Slow Food, Track By Track, Pt 4 – Imaginary Robot Ninja Assistant

You can download Imaginary Robot Ninja Assistant here, and the whole Slow Food album here.

Who doesn’t have an imaginary robot ninja assistant? Fixing stuff, being awesome, ass-kicking when needed, and, uhm, assisting…

When I finally get my real Robot Ninja Assistant, it will sing like this track.

And I’d understand every word it sang.

This is how all robots should sing.

It’s a love song.

Nowhere near as dark as it sounds to us.

Robot harmony is different, y’see, not based on dodgy fudged physics. Theirs is the essence of rock ‘n’ roll.

And ninjas.

The main loop on this is, I think, me looping some of Trip’s weird noises. I don’t actually join in til about half way through. Quality weirdness 🙂

Slow Food, Track By Track, Pt 3 – Growing Up And Moving On

[sorry for the break in posts – was away at Greenbelt over the weekend]

You can download Growing Up And Moving On here, or the whole Slow Food album here.

This was the first thing we recorded. It is, I think the most edited too… Perhaps.

Nerves? Expectations?

Trip and I met 11 years ago. We wouldn’t have played like this then. We were young. Unformed. A different world.

We’ve moved on, up, out, through… Sometimes in parallel, sometimes divergent, always with a bass in hand.

It’s a slow build, the underlying loop changes not. The emotions evolve. We’re exploring, tentatively (it’s the first thing we played, remember?) Satisfied as it unfolds.

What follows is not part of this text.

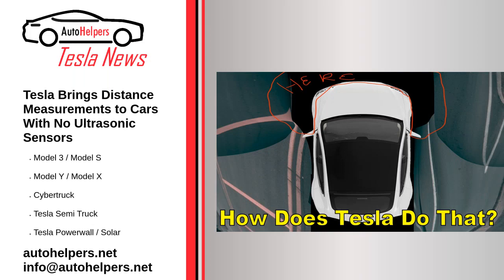Tesla brings distance measurements to cars with no ultrasonic sensors. November 13, 2022. Tesla recently announced they were removing ultrasonic sensors (USS) from their vehicles as part of their shift to Tesla Vision, relying on onboard cameras for safety and driver assist features. That change took place in early October.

It’s good. Let’s play more.

Slow Food, Track By Track, Pt 2 – Grown-Ups At Play

You can download Grown-Ups At Play from here, and the whole Slow Food album from here.

The simplest tune on the record in terms of the techological wizardry. There’s one little loop towards the end, but most of it is just Trip and I playing, with him hitting some deep, deep bass pedals (srsly, you’re not going to hear those if you’re listening on laptop speakers or through crappy headphones. They dig deep.)

Trip and I have experimented with this kind of thing before. I think this is the best tune to ever come out of our non-loop improvs. It’s almost like we growed up ‘n’ stuff.

This is almost an old fashioned duet.

Almost.

The loop section adds a lil’ StevieSpice to the proceedings. After all, we are grown-ups.

Slow Food, Track By Track, Pt 1 – The Upward Spiral

Click here to download The Upward Spiral. And here to download the whole ‘Slow Food’ album.

It was really tricky to choose the opener for the album, and this wasn’t the obvious first choice, as it has a kind of false start… it feels likes it’s going to be all big and ambient, then Trip hints at a sparse bass groove, I switch to the rolling rhythmic line, he follows, then jumps in with the jaunty melody, switches to fretless…

Two minutes in, it’s hopefully clear why it’s the opener.

Joyous, optimistic, improvised music. That’s the idea.

Of course it turns into a freaky glitch-fest at the end, but not before a crescendo of euphoric blade-runner-esque cinematic guitar-ish-ness.

All hail the Kaoss Pad KP3. Nuff Said.